Take home assignment gone wrong

When applying for an IT engineering job, meeting a few people at the target company and answering some technical questions is standard practice. Things get a bit more interesting when you have to present a security roadmap to all the company’s technical leads.

A few months ago, I applied to a security engineering role at a French scale-up, let’s call it ACME. I went through the first couple of interviews and everything was going fine. For the third one, I was sent a case study to complete beforehand.

Your company has multiple front-end applications that expose private customer’s data.

Those applications are served by multiple back-end micro-services hosted on an AWS infrastructure using Docker and ECS, in a single region.

The applications make use of static assets served by an S3 bucket.

There’s no strong certification to be compliant with, but the main objective is to be as close as possible to industry standards (SaaS B2B, web application, distributed worldwide).

Going from scratch, propose and apply an organization’s data privacy principles on:

  • Application level
    • Authentication mechanism
    • Configuration and secrets management strategy
    • Logging strategy
  • Service to service communication
    • Apply end to end encryption
  • Customer data management
    • Encryption at-rest and how to implement it on all layers
  • Network infrastructure
    • Cloud network architecture
    • Offices network architecture
  • IT acceptable use policy
  • Physical facilities access policy
  • Incident response management on data breach

One possible output would be a presentation (15 minutes max) with a few slides on the aforementioned topics to explain the choices you made (diagrams are useful too). The goal is to share guidelines with ACME’s team in order to prepare for implementation next year! Giving context and arguments will also help improve the company’s security culture.

Feel free to ask as many questions as you want to understand the problem and let’s schedule a call in the next few days for you to answer these questions.

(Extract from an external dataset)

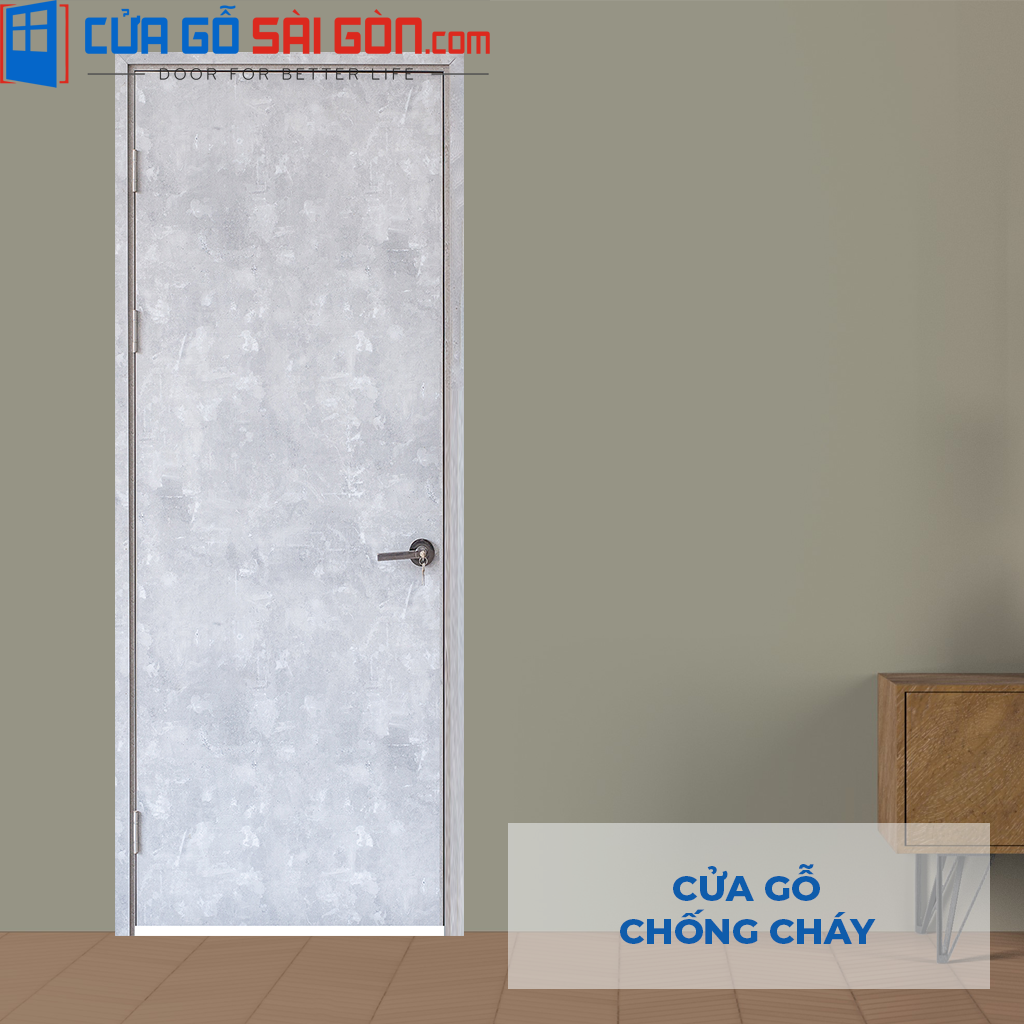 Cua go chong chay MDF Melamine P1 van kem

This “case” covers a very wide range of topics and goes into the technical nitty gritty of building a cloud based SaaS app’s security paradigm. Preparing an answer takes much more than the 2 hours budgeted by ACME, and the answer definitely won’t fit in a 15 minute presentation.

It took me 2 days to prepare the slide deck, so I’m sharing my work with you.

ℹ️ Disclaimer. Each organization has specific requirements and resources, a one-size-fits-all approach will not work.

The bullet points below are a collection of best practices that are broadly applicable to a software service delivery infrastructure running in a cloud environment. This is NOT a blueprint of what should be implemented in your organization. It does not take any resource constraints into consideration and tries to cover as many topics as possible.

If you are looking to replicate the suggestions made in this post in your organization, remember that security is a team sport: one person cannot cover all of these issues.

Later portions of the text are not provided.